USydNLP:::Honours & Special Research Topics

Honours & Special Research Topics

Information for University of Sydney Students

If you are interested in our Capstone or SSP, please have a look at the USydNLP_2021 projects

The following list shows the honours research topics that our group is interested in. If you have any other NLP and deep learning related research topic that you would like to work on, please contact us.

Desirable: Student has done COMP3X08 (Introduction to Artificial Intelligence) or equivalent, and prepare to take COMP5046 (Natural Language Processing)

Explainable or Interpret-able Neural Network (in natural language processing)

According to Wikipedia, “… Explainable AI (XAI) or Transparent AI is an artificial intelligence (AI) whose actions can be easily understood by humans. It contrasts with the concept of the “black box” in machine learning, meaning the “interpretability” of the workings of complex algorithms, where even their designers cannot explain why the AI arrived at a specific decision…” With the advance and popularity of deep learning, it is even more important (1) to know why a system comes up with a decision and (2) for human to learn from the system. This is really an exploration research project. We will use health domain for our testing purpose.
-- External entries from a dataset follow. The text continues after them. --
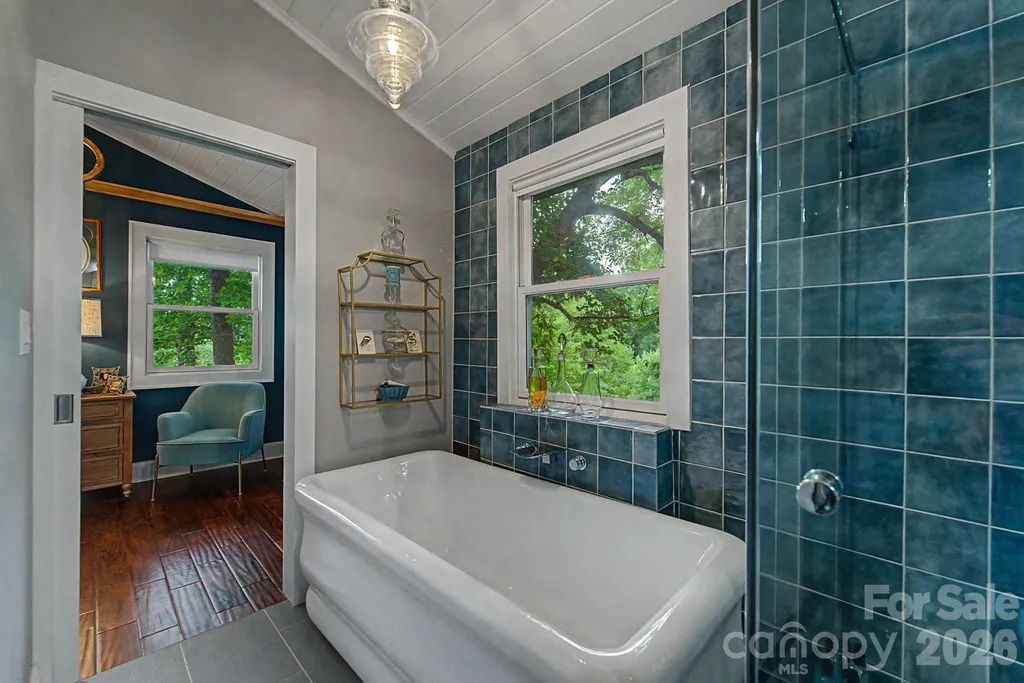 75 Mountain View Road Sylva NC 28779
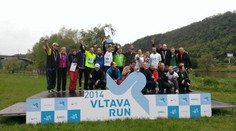 Od pramene Vltavy do Prahy. Vítězové uběhli 350 kilometrů za 28 hodin!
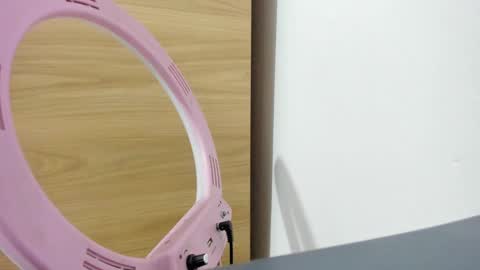 Tell me Kathe  online show from March 3, 2025, 2:04 pm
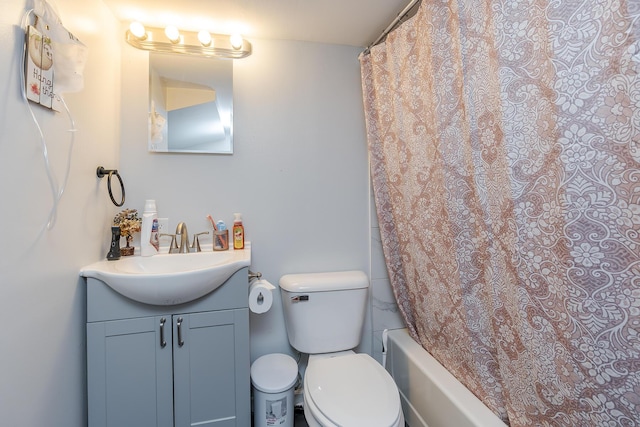 113 Jonathan Dr, Richmond, KY 40475 - full bath featuring vanity, toilet, and shower / bathtub combination with curtain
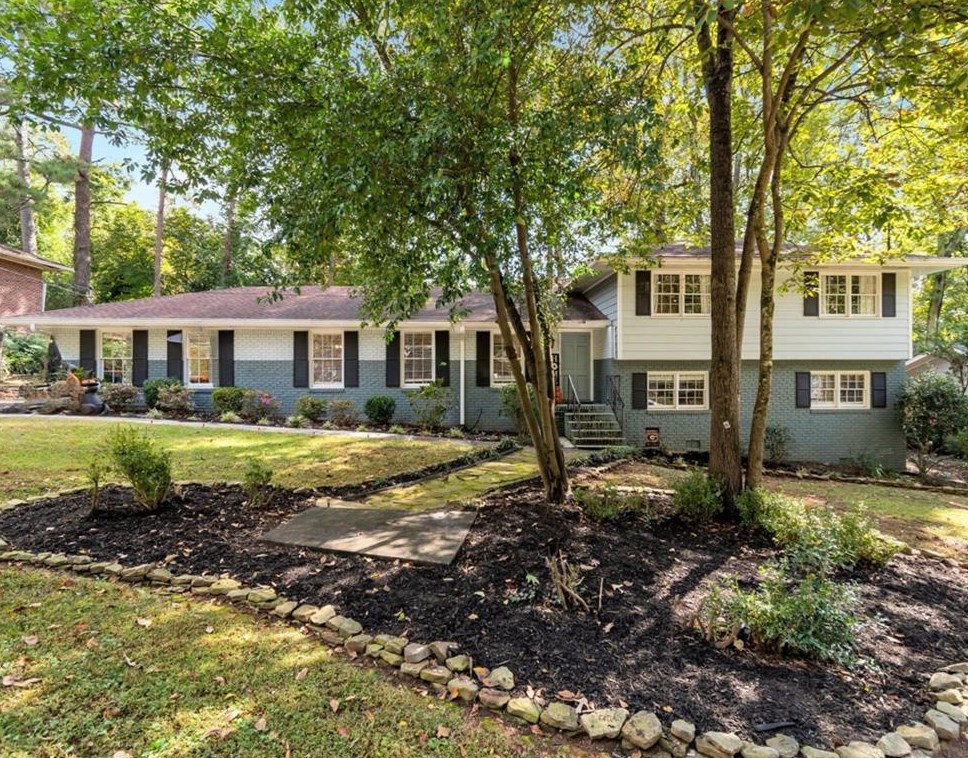 2753 Hawaii Ct, Decatur GA  30033-2315 exterior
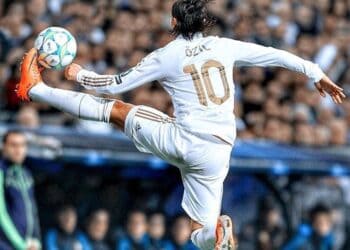 Vídeo: Özil e aposentadoria de passes geniais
Incremental Learnable Dialog System

Intelligent dialog system has been widely used to help human with different aspects such as Apple Siri, Microsoft Xiaoice in nowadays. However, for most of the dialog systems, if the users provide feedback about what errors that system has made, the system can not update automatically but only with the manual. Therefore, the primary goal of this project is to build a hybrid incremental learnable rule-based deep learning dialog system. First, the system can enable the manual to update the rules. Moreover, with using deep learning, the system can update those rules automatically by analyzing user’s feedback. We intend to implement this system in the university course selection first and explore more application possibilities in the future.

Cross Lingual Knowledge Transfer for Low-Resource Language

Most languages have no established writing system and minimal written records. However, textual data is essential for natural language processing, and particularly important for training language models to support speech recognition. Even in cases where text data is missing, there are some languages for which bilingual lexicons are available, since creating lexicons is a fundamental task of documentary linguistics. We investigate the use of such lexicons to improve language models when textual training data is limited to as few as a thousand sentences. The method involves learning cross-lingual word embeddings as a preliminary step in training monolingual language models. In recent years, various models for learning cross-lingual representations have been proposed; such as Monolingual mapping, Pseudo-cross-lingual, Cross-lingual training, and Joint optimization.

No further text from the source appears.